2007-01-07

treehat: (FLAAAPJAAACKS!)
2007-01-07 09:29 pm
Entry tags:

Designish rant.

Just today, I stumbled across one of Adobe's blogs with a preview of the icons for the CS3 programs.

And, oh dear, they're horrid. Take a look. Agh! Who thought the periodic table of elements was so bloody awesome for graphics applications? There must be some serious Dmitri Mendeleev fanboys at Adobe, whom I can only assume got terribly confused and mistook design or marketing for chemistry.

Seriously, though, there are two problems with this "theme". First, it's all text. It's much easier to identify a program by a symbol, like a feather or a magnified eye, as have been the previous icons for Photoshop. But two white letters on a square isn't recognizable at all. With text, I need to spell out the application in my head to figure which it is I want to click, while the image is quickly associated with the application. It boils down to trying to remember that Ps is Photoshop versus seeing a trippy feather and thinking "Image Editing Program!" There's also inconsistency: Ai is for Adobe Illustrator. Why stick Adobe in front of Illustrator but not Photoshop? It just leads to confusion.
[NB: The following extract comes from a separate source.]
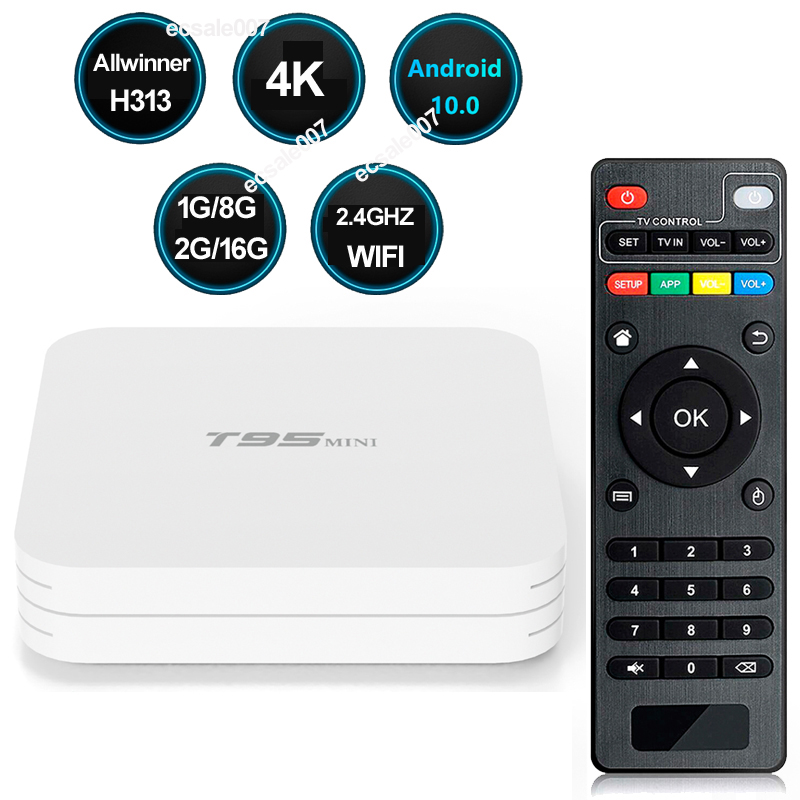 

T95 MINI Smart TV BOX Android 10.0 Allwinner H313 Quad Core 2G 16G 4K 2.4G wifi H.265 Media player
I'll be trying to remember what application starts with an A.

Here's an example of how ridiculous this periodic table of buttons is: the same text theme extended to the Photoshop toolbar. If I opened up Photoshop and saw that, I wouldn't even try to use it.

The second problem, one that's been plaguing Adobe since they started calling their programs "Creative Suite," is indistinguishability. I can no longer keep the icons for my CS2 programs in the same place on my dock or desktop. There's the constant problem of clicking on ImageReady or Photoshop when I want to launch Illustrator, clicking Bridge or ImageReady trying to go into Photoshop, and so on. The problem is that there's too much commonality between icons. They're all trippily colored organic objects (feather, flower, shell) on a white box. This would not irritate me as much if it didn't take so long for each program to load so I can close it and open the right one. The pre-CS versions (magnified eye, globe, headshot of Venus de Milo) were so varied that it was easy to tell them apart. There was no commonality, and guess what, that worked just fine.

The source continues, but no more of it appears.